HTML¶
fpdf2
supports basic rendering from HTML.
This is implemented by using html.parser.HTMLParser
from the Python standard library. The whole HTML 5 specification is not supported, and neither is CSS, but bug reports & contributions are very welcome to improve this. cf. Supported HTML features below for details on its current limitations.

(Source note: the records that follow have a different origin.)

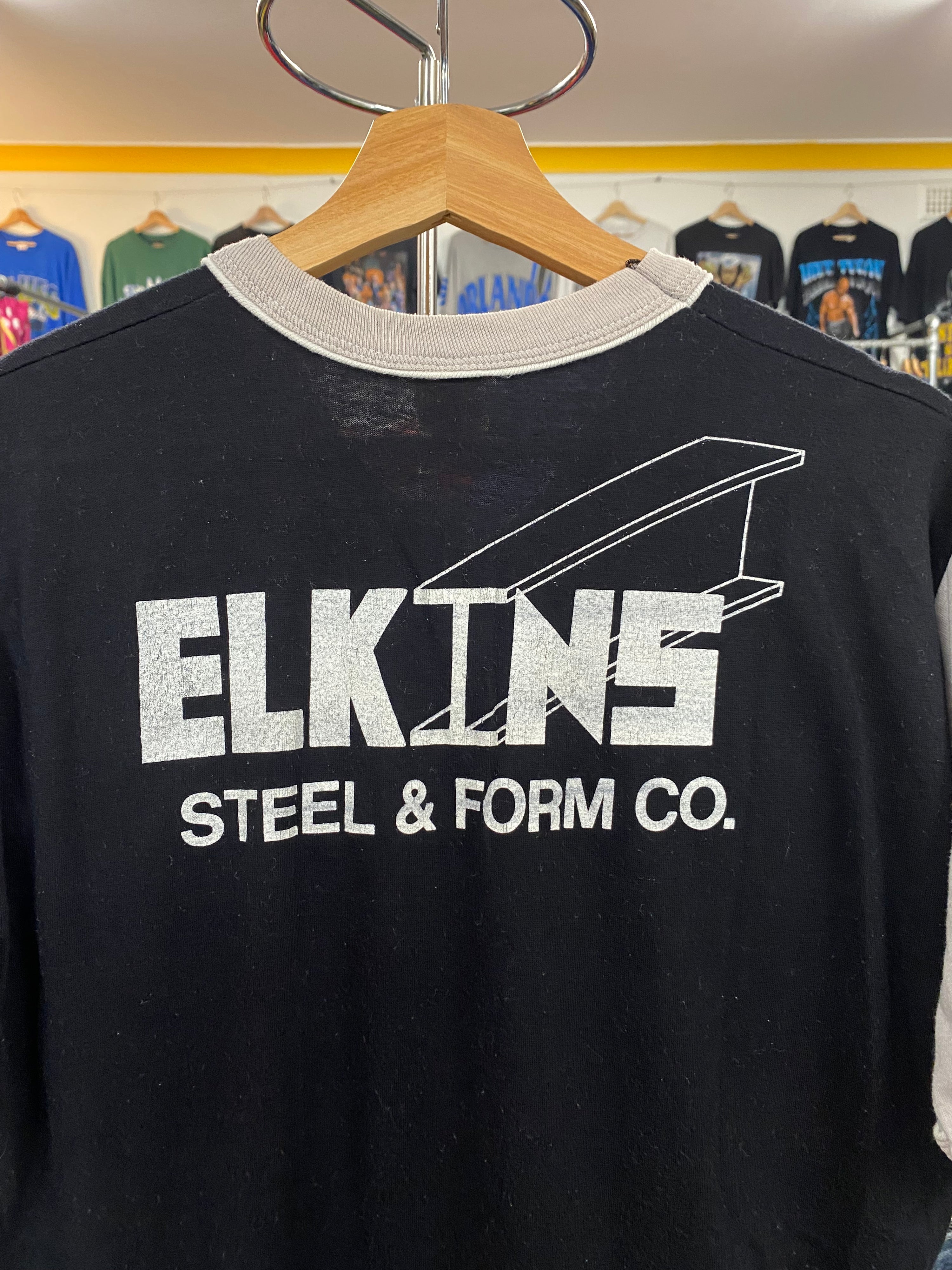 [M] 1970s Pittsburgh Steelers Elkins Steel Tee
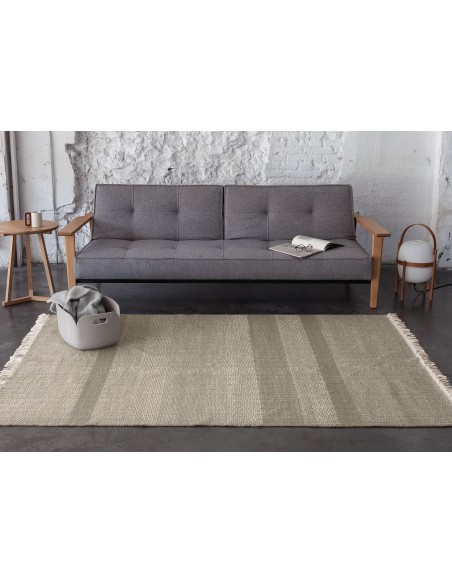 Nanimarquina Tres Texture Tappeto Pearl 200x300  cm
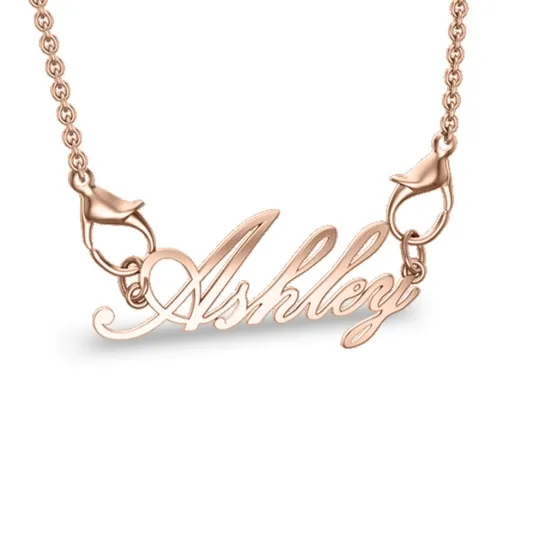 name pendant design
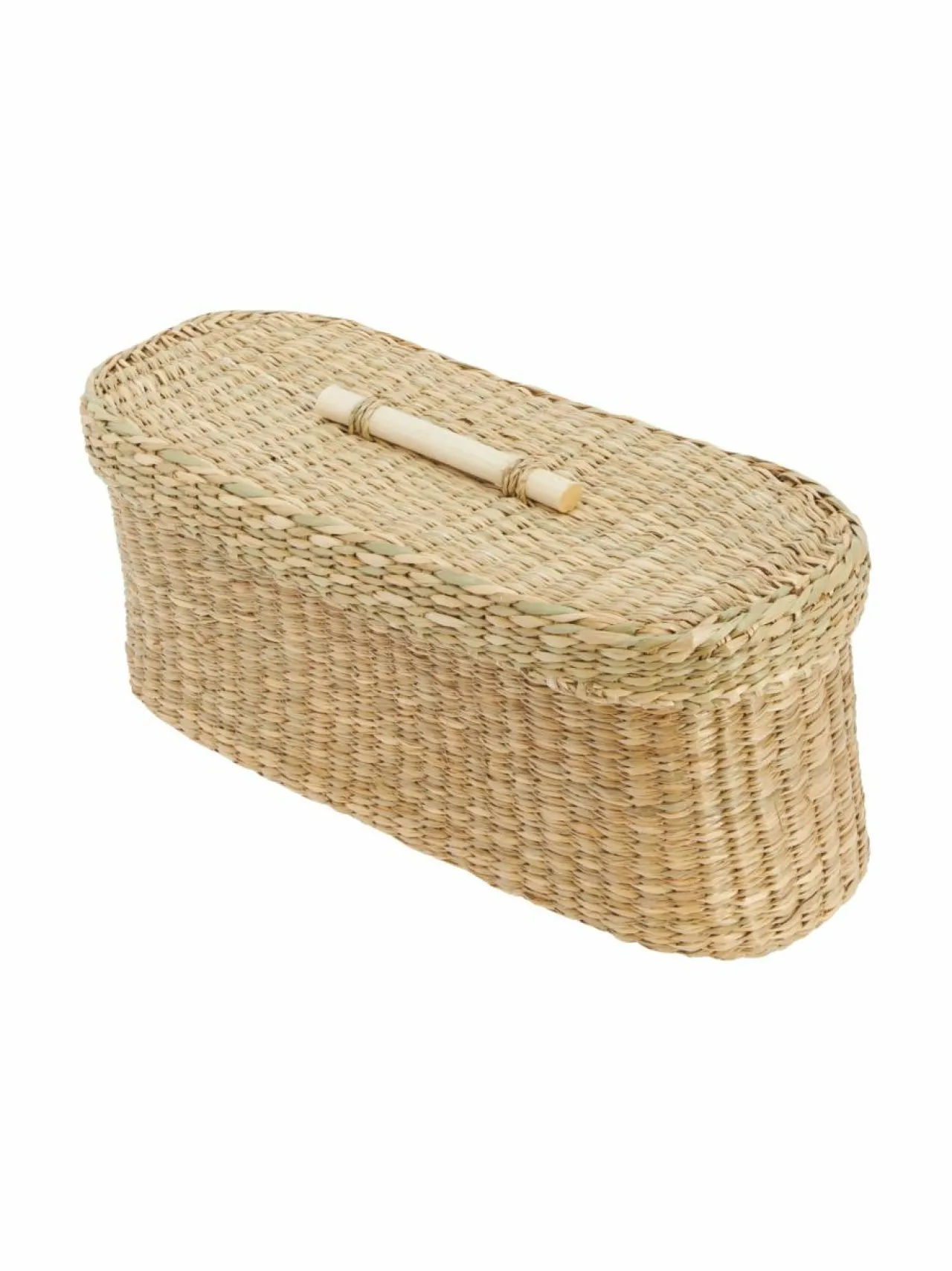 Säilytys<Casa Stockmann Nata- kannellinen meriheinäkori NATURAL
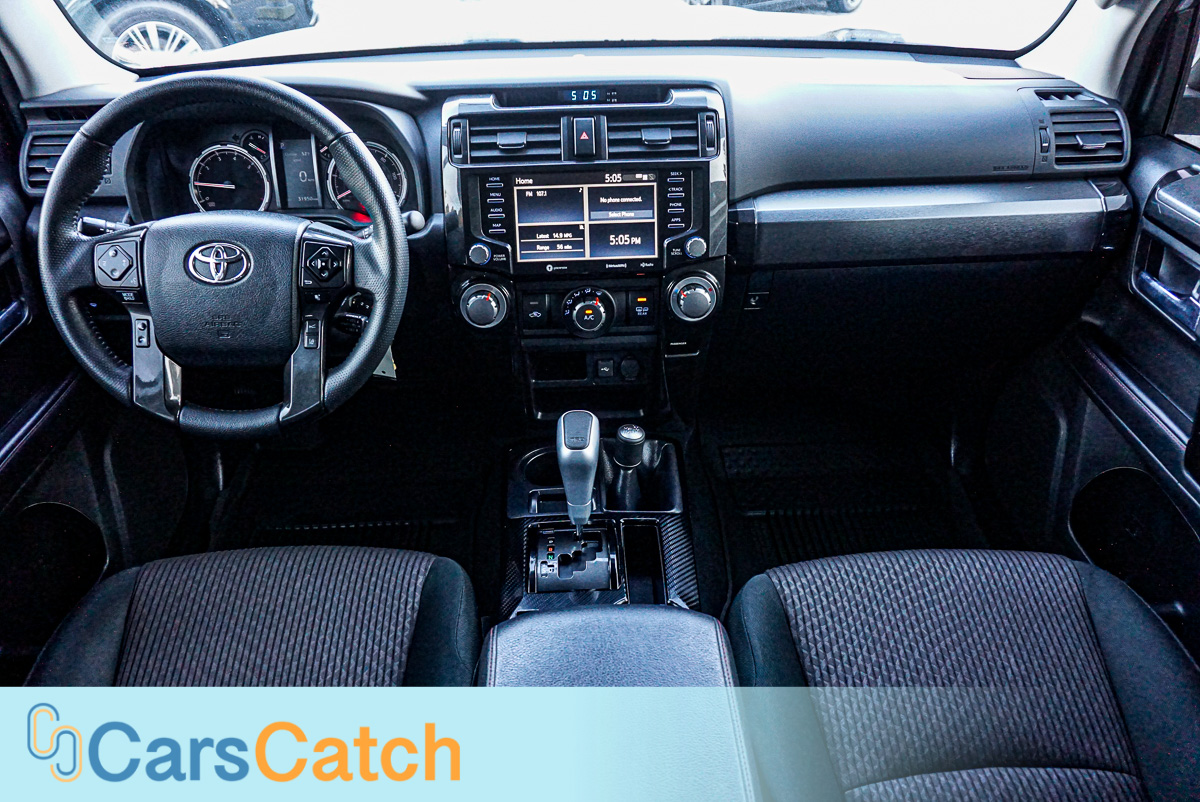 CARSCATCH - Used vehicle - SUV TOYOTA 4RUNNER 2021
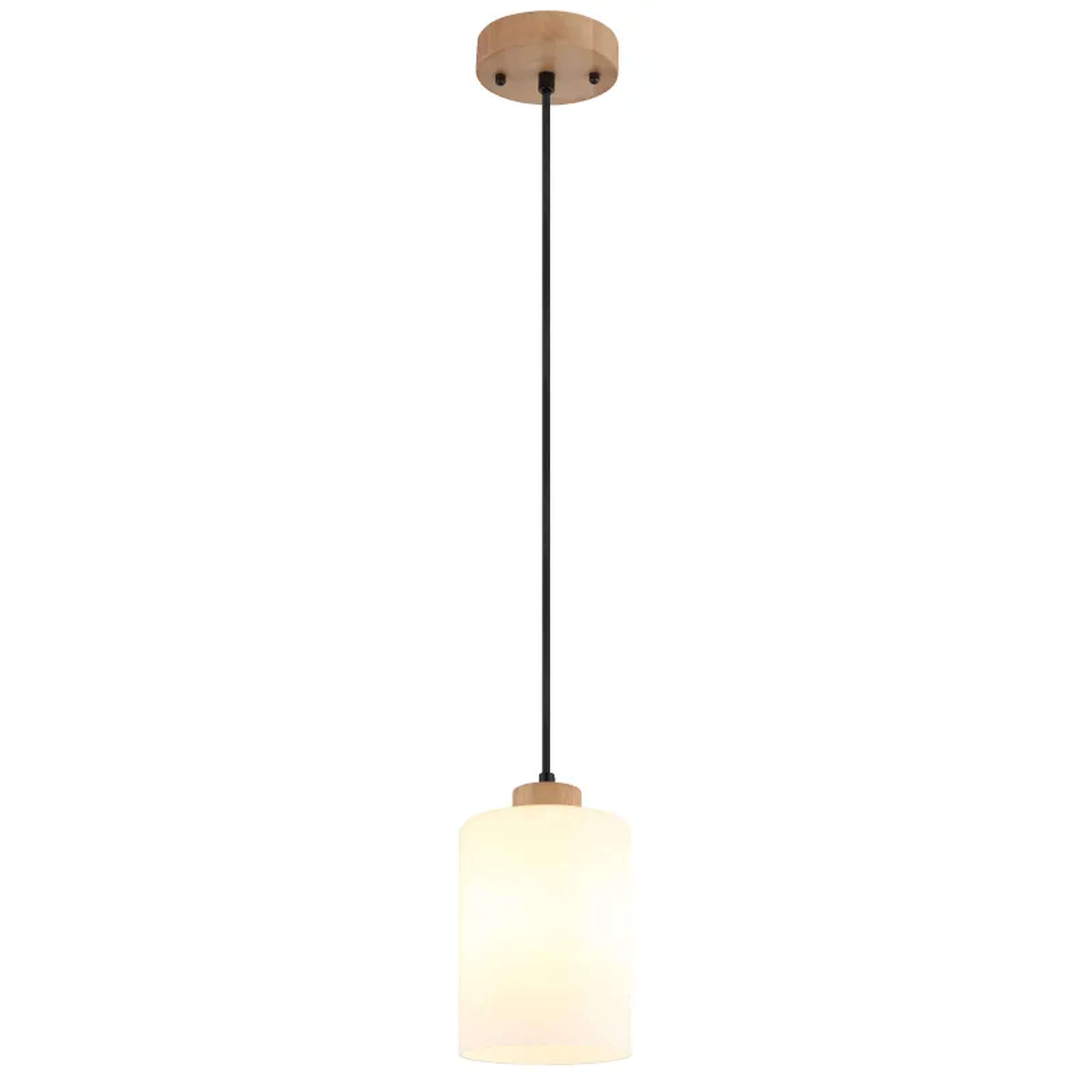 Globo Lighting Rowena lampă suspendată 1x60 W alb-maro 15977H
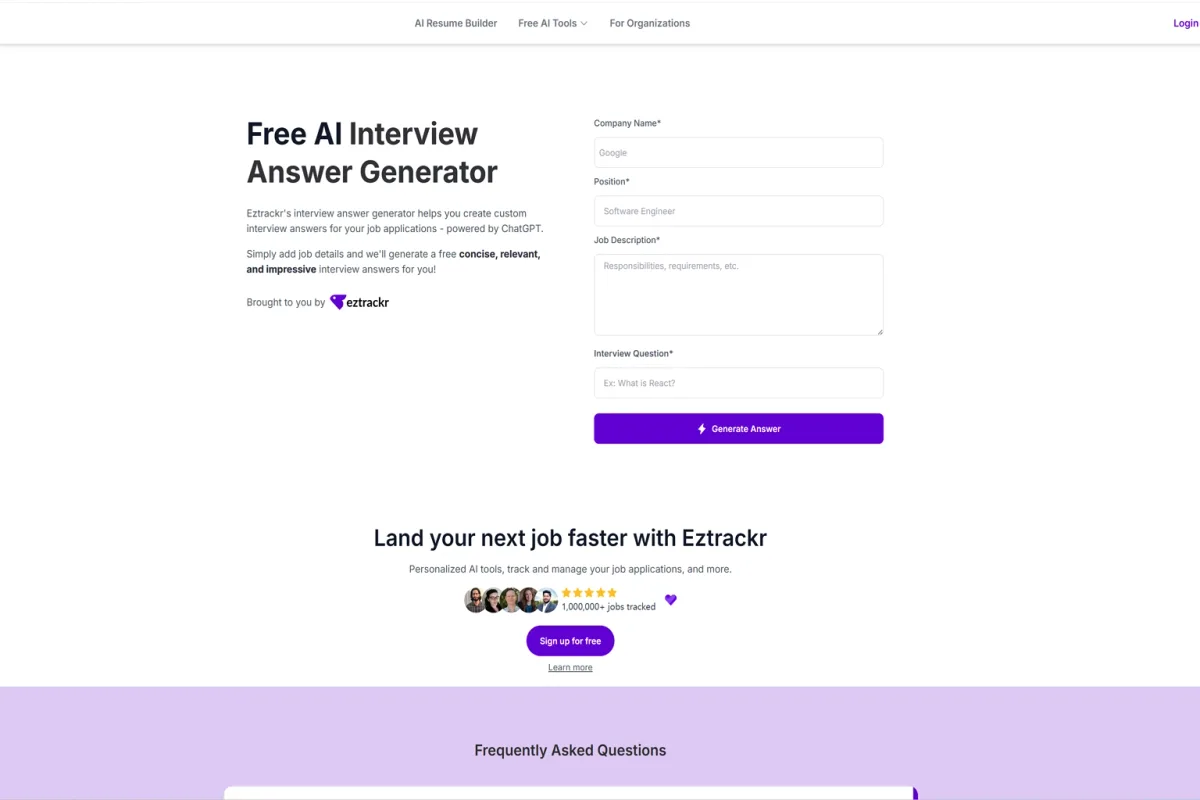 Eztrackr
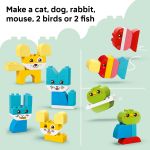 LEGO Duplo 10477 3-in-1 Kreative Tiere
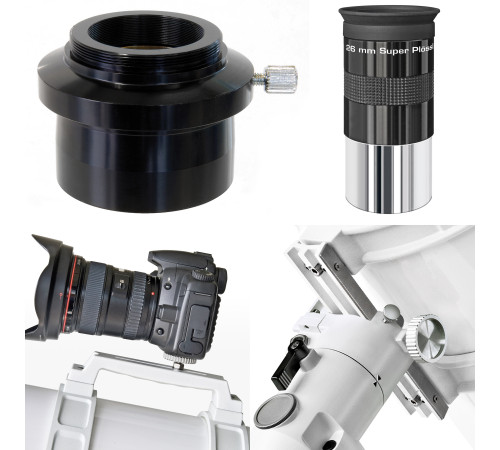 Телескоп Bresser Messier AR-102/1000 EXOS-1/EQ4 (4702107) Телескоп Bresser Messier AR-102/1000 EXOS-1/EQ4 (4702107)
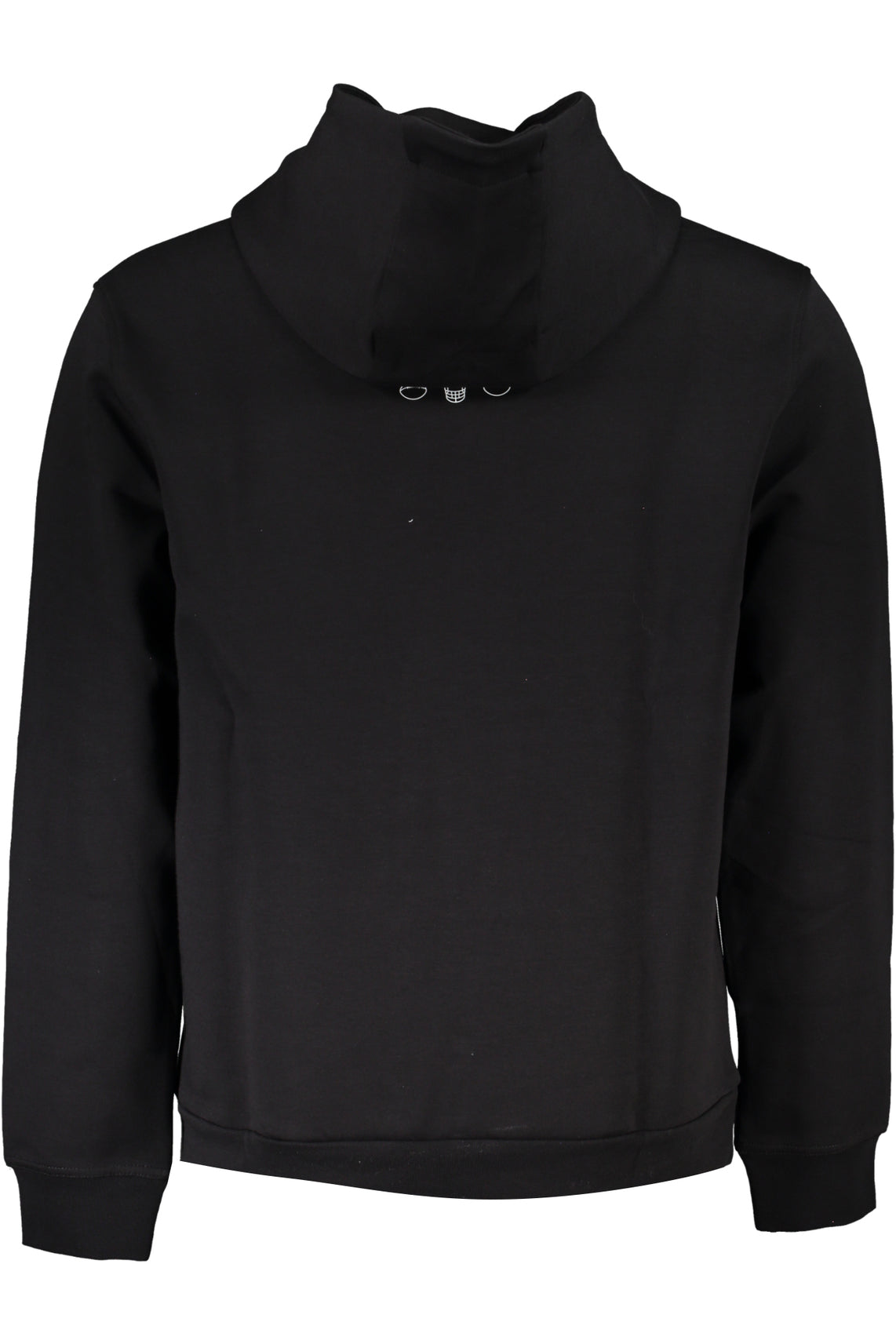 Hugo men's black zip-out sweatshirt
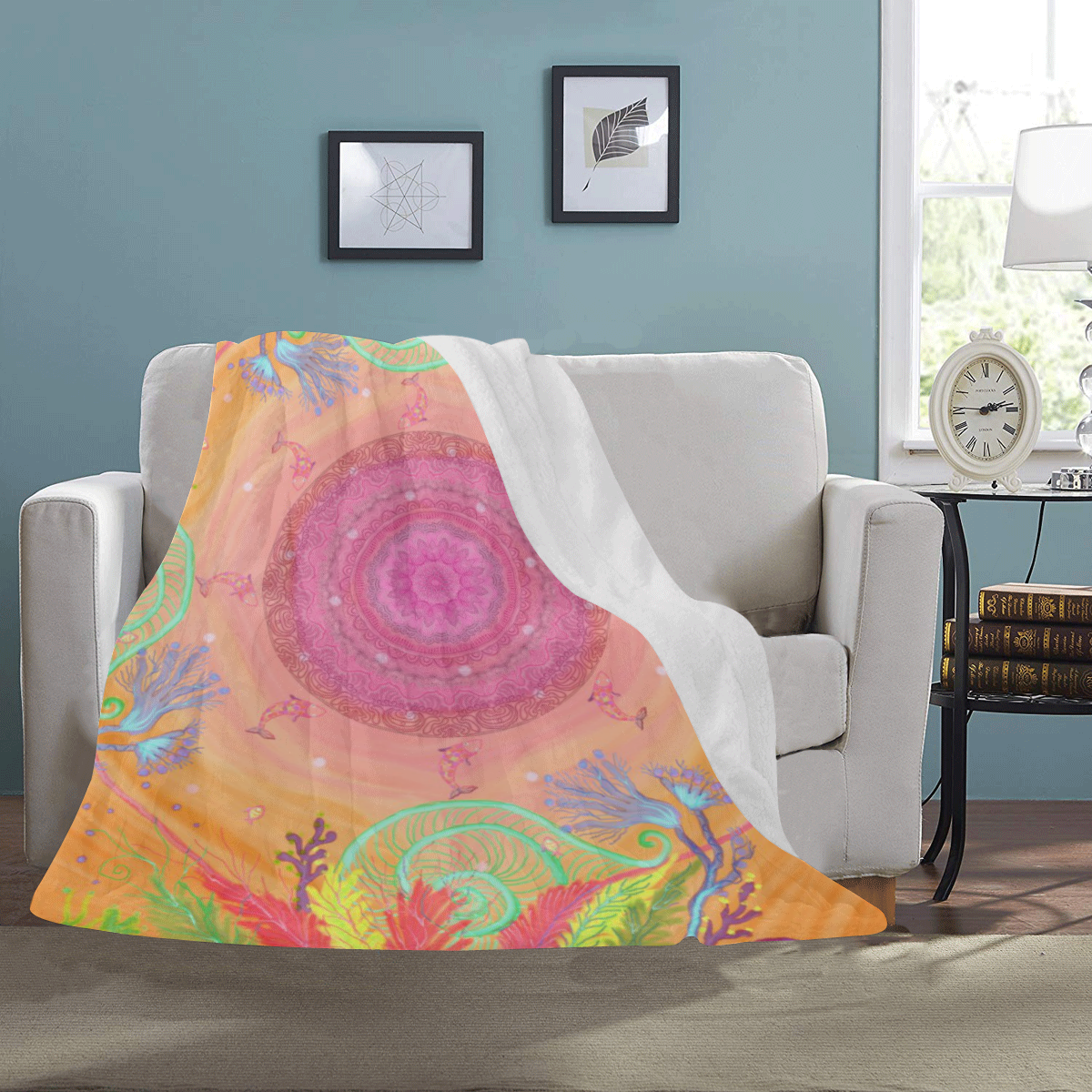 cosmos 4 Ultra-Soft Micro Fleece Blanket 43''x56''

For a more robust & feature-full HTML-to-PDF converter in Python, you may want to check Reportlab (or xhtml2pdf based on it), WeasyPrint or borb.
write_html usage example¶
HTML rendering requires the use of FPDF.write_html()
:
from fpdf import FPDF
pdf = FPDF()
pdf.add_page()
pdf.write_html("""
<dl>
<dt>Description title</dt>
<dd>Description Detail</dd>
</dl>
<h1>Big title</h1>
<section>
<h2>Section title</h2>
<p><b>Hello</b> world. <u>I am</u> <i>tired</i>.</p>
<p><a href="https://github.com/py-pdf/fpdf2">py-pdf/fpdf2 GitHub repo</a></p>
<p align="right">right aligned text</p>
<p>i am a paragraph <br>in two parts.</p>
<font color="#00ff00"><p>hello in green</p></font>
<font size="7"><p>hello small</p></font>
<font face="helvetica"><p>hello helvetica</p></font>
<font face="times"><p>hello times</p></font>
</section>
<section>
<h2>Other section title</h2>
<ul type="circle">
<li>unordered</li>
<li>list</li>
<li>items</li>
</ul>
<ol start="3" type="i">
<li>ordered</li>
<li>list</li>
<li>items</li>
</ol>
<br>
<br>
<pre>i am preformatted text.</pre>
<br>
<blockquote>hello blockquote</blockquote>
<table width="50%">
<thead>
<tr>
<th width="30%">ID</th>
<th width="70%">Name</th>
</tr>
</thead>
<tbody>
<tr>
<td>1</td>
<td>Alice</td>
</tr>
<tr>
<td>2</td>
<td>Bob</td>
</tr>
</tbody>
</table>
</section>
""")
pdf.output("html.pdf")
Styling HTML tags globally¶
New in 2.7.9
The style of several HTML tags (<a>
, <blockquote>
, <code>
, <pre>
, <h1>
, <h2>
, <h3>
...) can be set globally, for the whole HTML document, by passing tag_styles
to FPDF.write_html()
:
from fpdf import FPDF, FontFace
pdf = FPDF()
pdf.add_page()
pdf.write_html("""
<h1>Big title</h1>
<section>
<h2>Section title</h2>
<p>Hello world!</p>
</section>
""", tag_styles={
"h1": FontFace(color="#948b8b", size_pt=32),
"h2": FontFace(color="#948b8b", size_pt=24),
})
pdf.output("html_styled.pdf")
Similarly, the indentation of several HTML tags (<blockquote>
, <dd>
, <li>
) can be set globally, for the whole HTML document, by passing tag_styles
to FPDF.write_html()
:
from fpdf import FPDF, TextStyle
pdf = FPDF()
pdf.add_page()
pdf.write_html("""
<dl>
<dt>Term</dt>
<dd>Definition</dd>
</dl>
<blockquote>
Lorem ipsum dolor sit amet, consectetur adipiscing elit. Sed non risus.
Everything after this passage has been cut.